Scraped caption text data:
┄┄┄┄┄┄┄┄┄┄

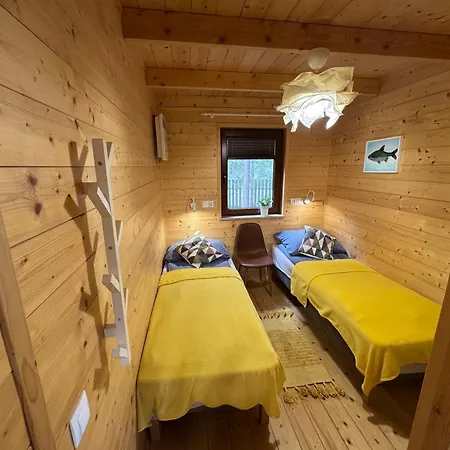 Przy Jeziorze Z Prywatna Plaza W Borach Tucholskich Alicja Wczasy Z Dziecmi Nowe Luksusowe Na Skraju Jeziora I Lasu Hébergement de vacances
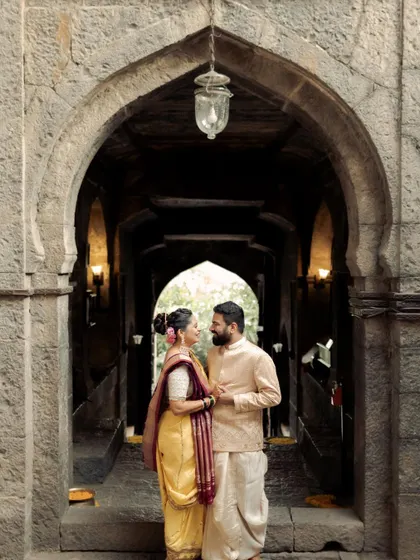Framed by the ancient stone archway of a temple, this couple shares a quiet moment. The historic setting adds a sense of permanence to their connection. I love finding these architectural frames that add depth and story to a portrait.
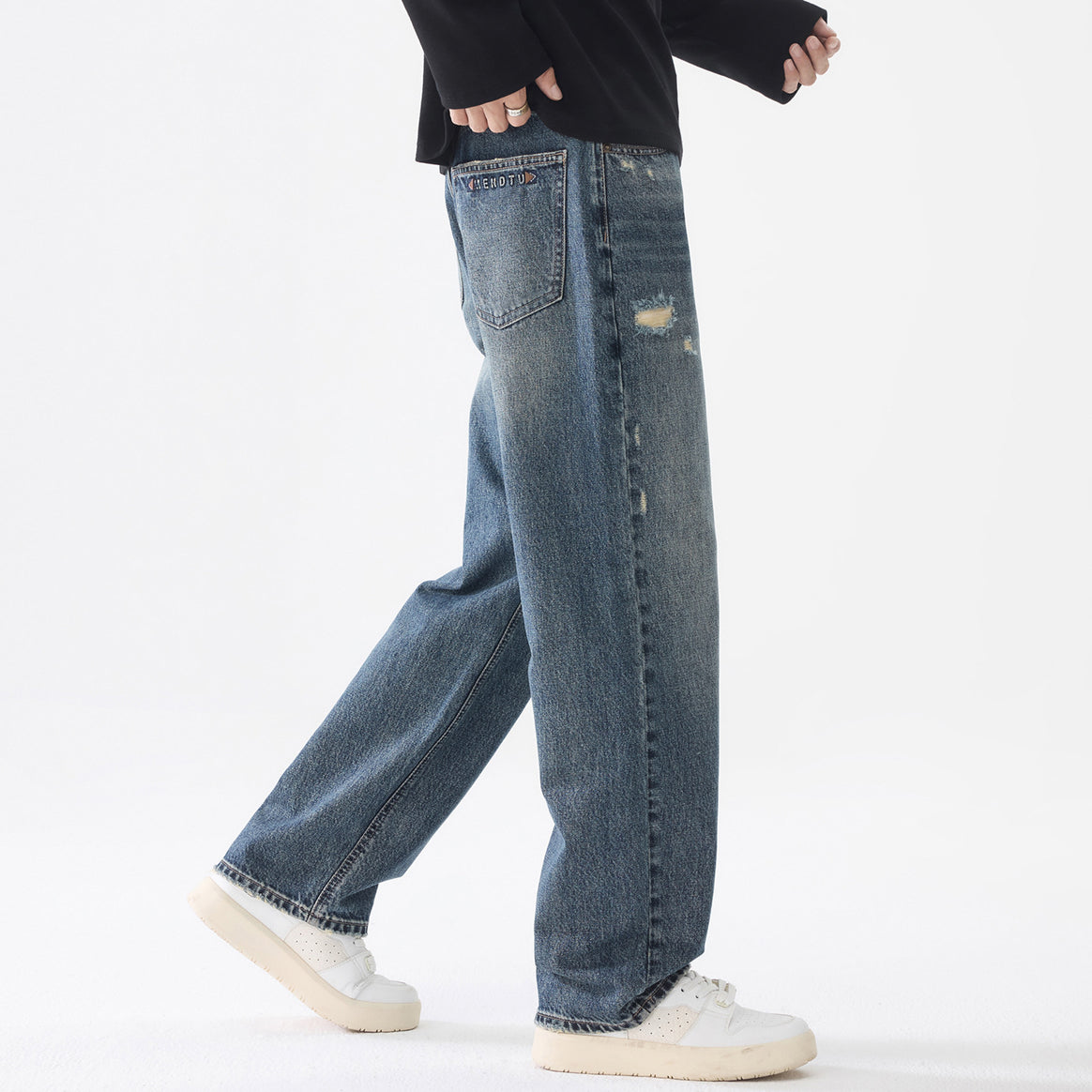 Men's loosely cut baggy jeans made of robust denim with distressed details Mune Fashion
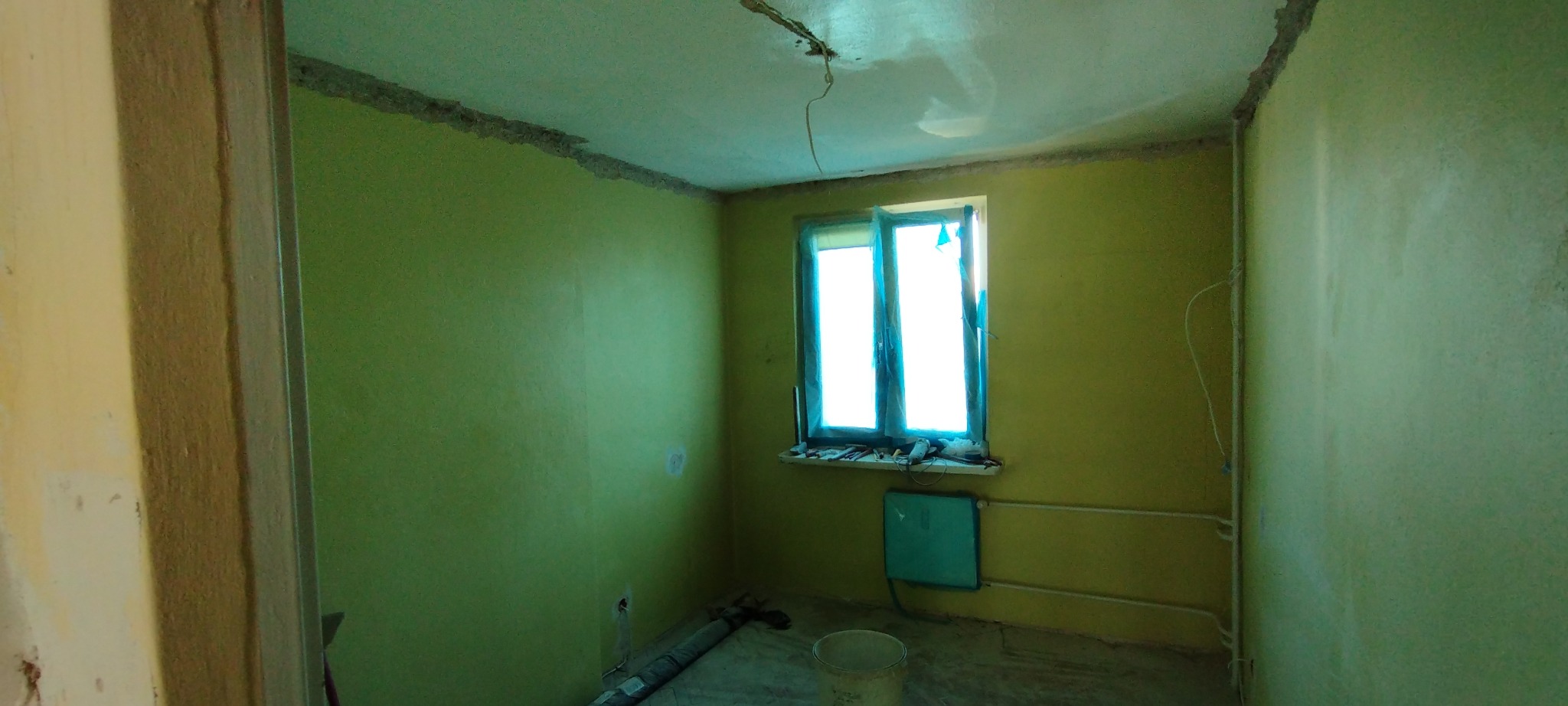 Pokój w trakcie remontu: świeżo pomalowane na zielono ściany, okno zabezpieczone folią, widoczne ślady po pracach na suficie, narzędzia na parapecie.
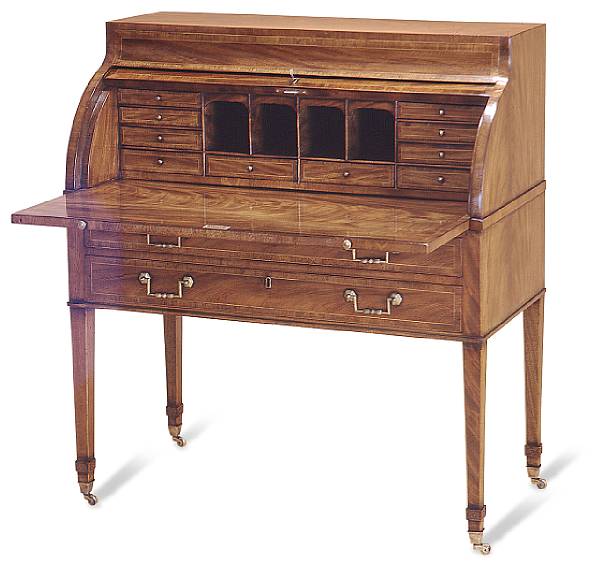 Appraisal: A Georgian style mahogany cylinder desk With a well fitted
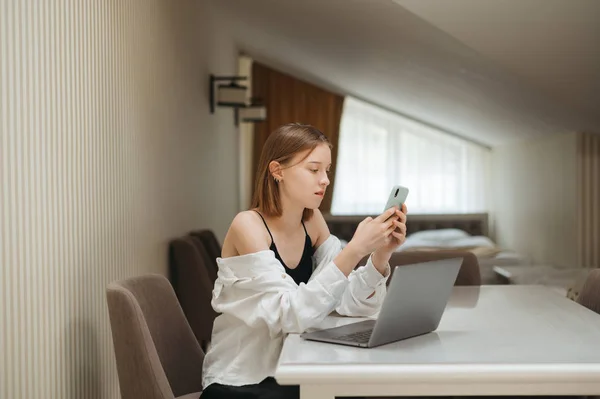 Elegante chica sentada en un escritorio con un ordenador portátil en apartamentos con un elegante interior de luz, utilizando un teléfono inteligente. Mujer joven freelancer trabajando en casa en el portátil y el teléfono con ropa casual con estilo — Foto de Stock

┄┄┄┄┄┄┄┄┄┄

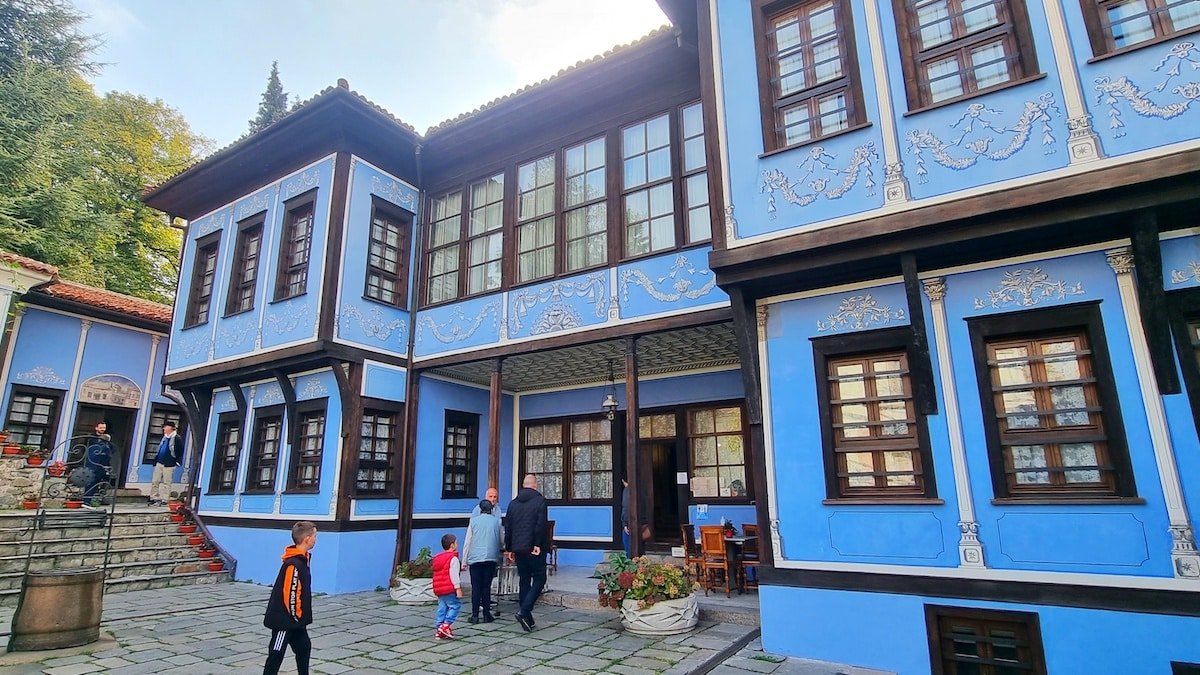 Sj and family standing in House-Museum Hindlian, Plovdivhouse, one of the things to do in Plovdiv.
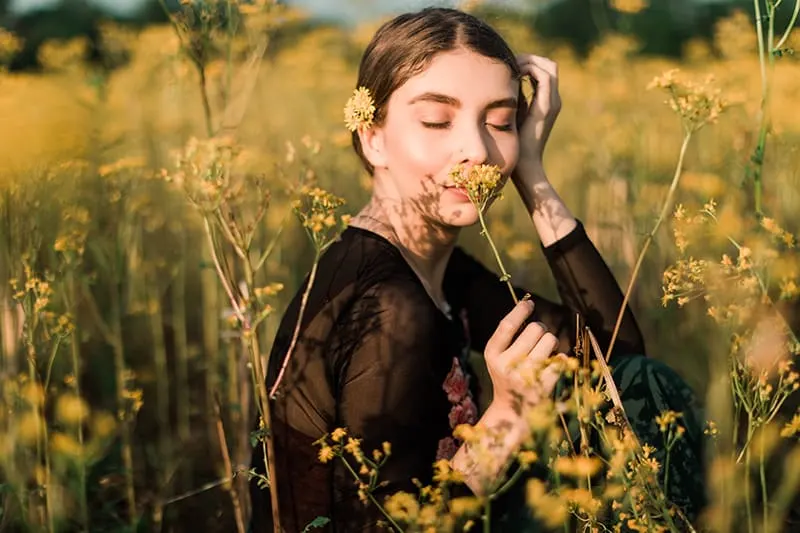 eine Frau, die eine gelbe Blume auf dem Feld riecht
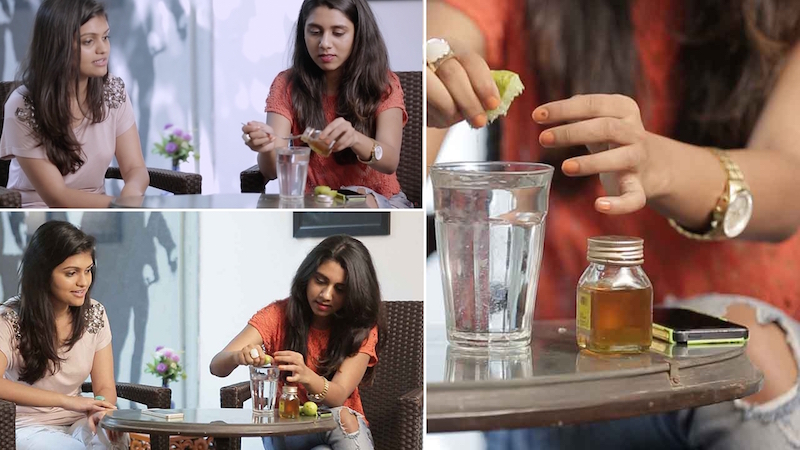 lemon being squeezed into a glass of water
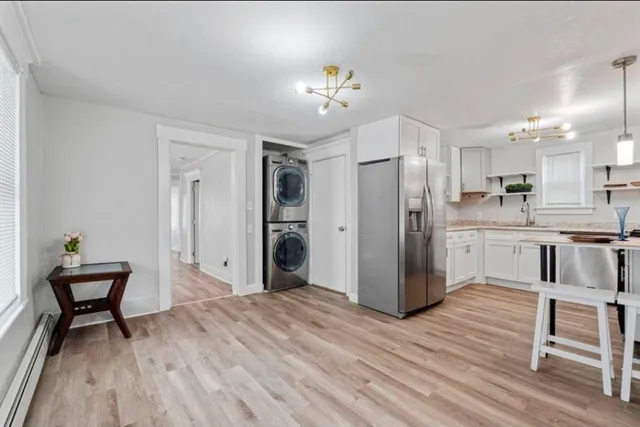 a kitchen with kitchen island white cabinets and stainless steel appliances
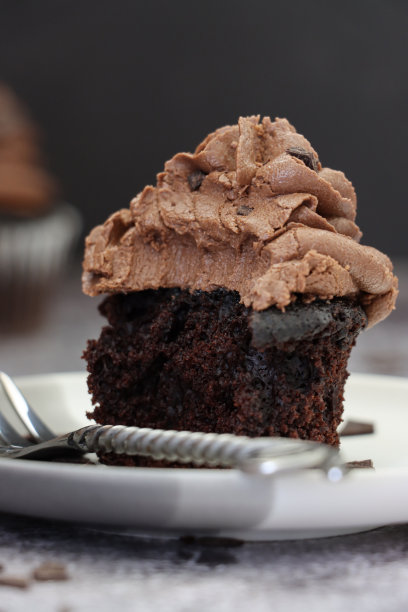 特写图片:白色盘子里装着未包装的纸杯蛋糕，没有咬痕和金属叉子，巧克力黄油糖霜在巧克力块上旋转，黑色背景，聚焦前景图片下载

┄┄┄┄┄┄┄┄┄┄

» TASK: Starting at the line containing "Men's loosely cut" and stopping at the line containing "Elegante chica sentada", output each line exactly as it appears above. Leave out the pictures.

» OUTPUT OF THE TASK:
 Men's loosely cut baggy jeans made of robust denim with distressed details Mune Fashion
 Pokój w trakcie remontu: świeżo pomalowane na zielono ściany, okno zabezpieczone folią, widoczne ślady po pracach na suficie, narzędzia na parapecie.
 Appraisal: A Georgian style mahogany cylinder desk With a well fitted
 Elegante chica sentada en un escritorio con un ordenador portátil en apartamentos con un elegante interior de luz, utilizando un teléfono inteligente. Mujer joven freelancer trabajando en casa en el portátil y el teléfono con ropa casual con estilo — Foto de Stock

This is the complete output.